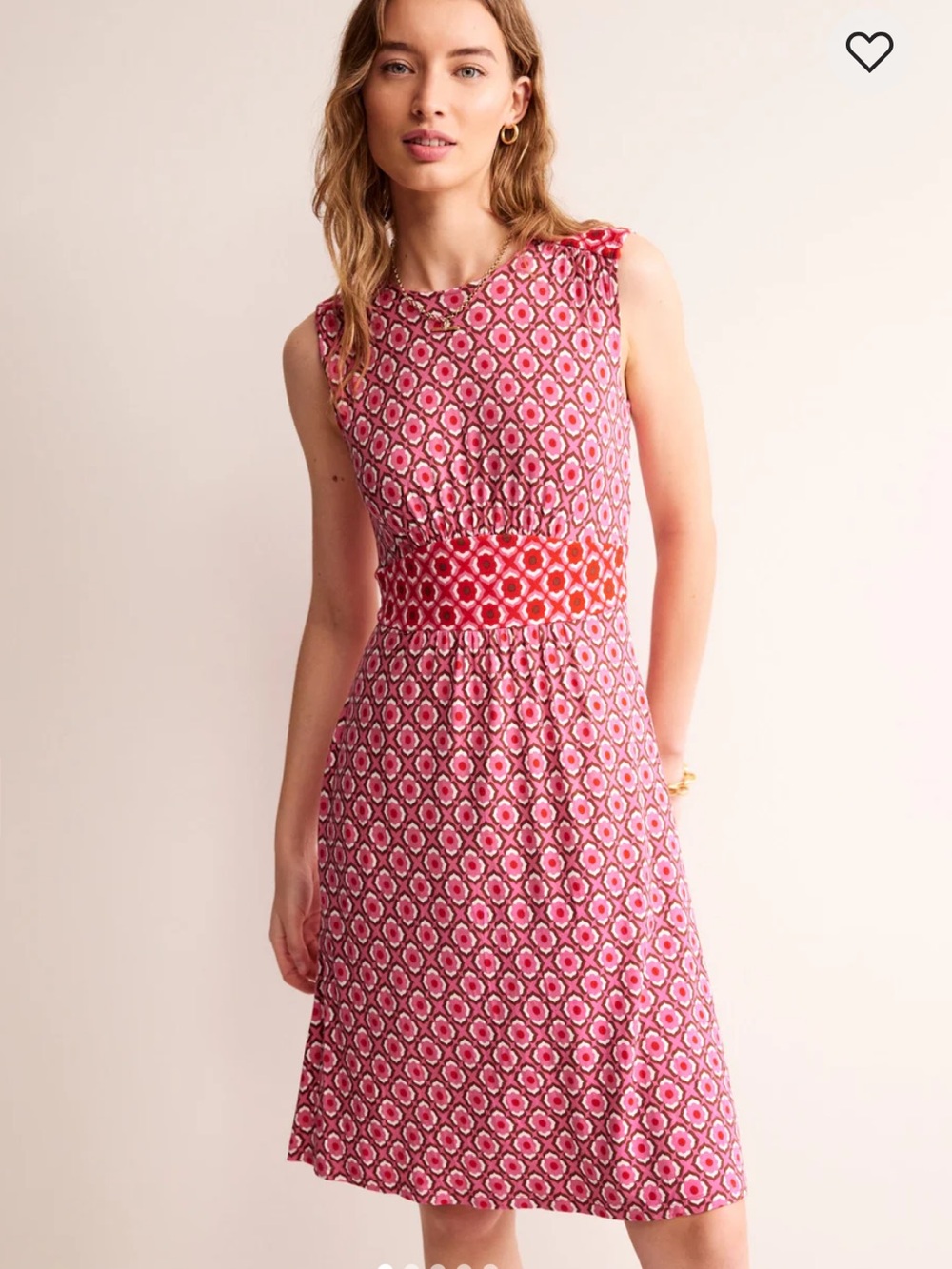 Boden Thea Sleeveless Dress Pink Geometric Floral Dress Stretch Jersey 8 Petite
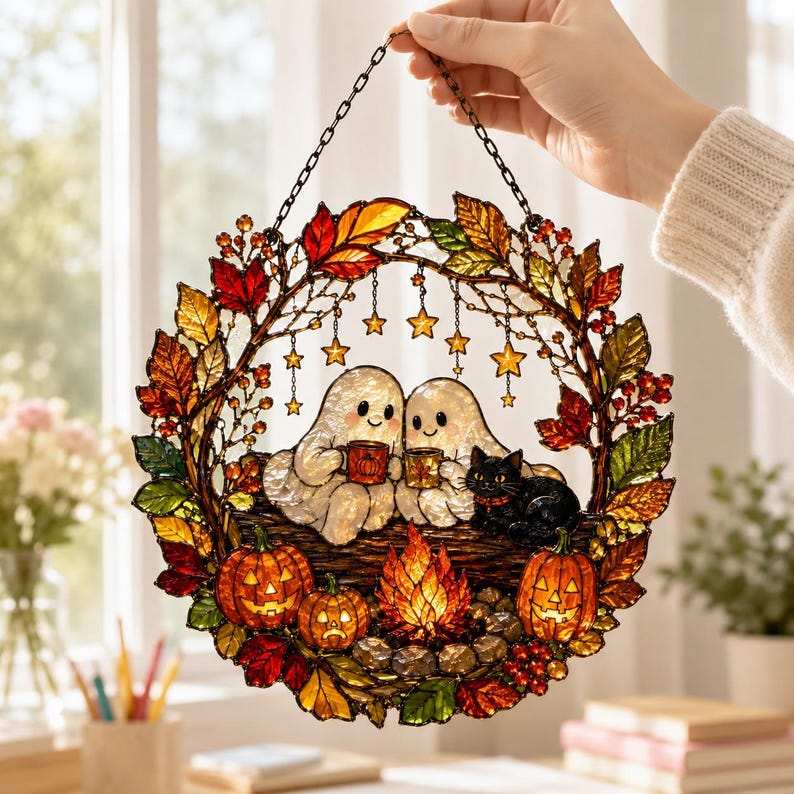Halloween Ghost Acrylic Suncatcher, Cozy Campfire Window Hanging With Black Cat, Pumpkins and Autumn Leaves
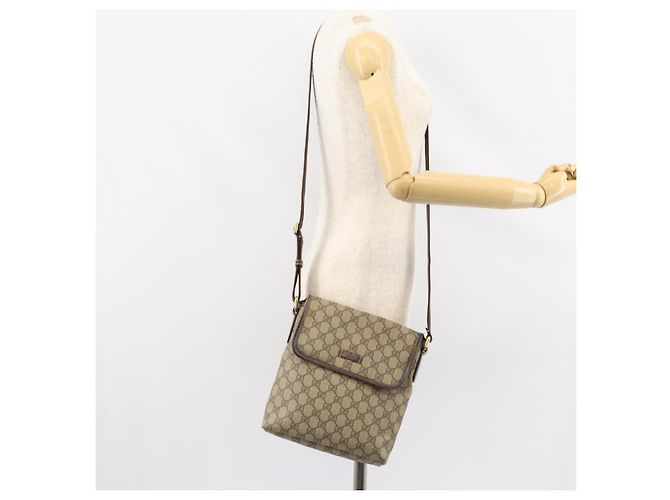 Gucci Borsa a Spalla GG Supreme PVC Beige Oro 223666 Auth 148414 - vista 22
====
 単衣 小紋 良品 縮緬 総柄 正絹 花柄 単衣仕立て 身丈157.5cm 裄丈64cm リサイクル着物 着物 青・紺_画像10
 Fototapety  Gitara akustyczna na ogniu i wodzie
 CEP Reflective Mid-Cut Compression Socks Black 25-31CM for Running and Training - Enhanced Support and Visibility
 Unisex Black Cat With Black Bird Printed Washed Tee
====
What you need to do » Word for word, restate the lines above from the line containing "ogniu i wodzie" through the line containing "Unisex Black Cat", with both included and nothing else.

Answer to the problem »
 Fototapety  Gitara akustyczna na ogniu i wodzie
 CEP Reflective Mid-Cut Compression Socks Black 25-31CM for Running and Training - Enhanced Support and Visibility
 Unisex Black Cat With Black Bird Printed Washed Tee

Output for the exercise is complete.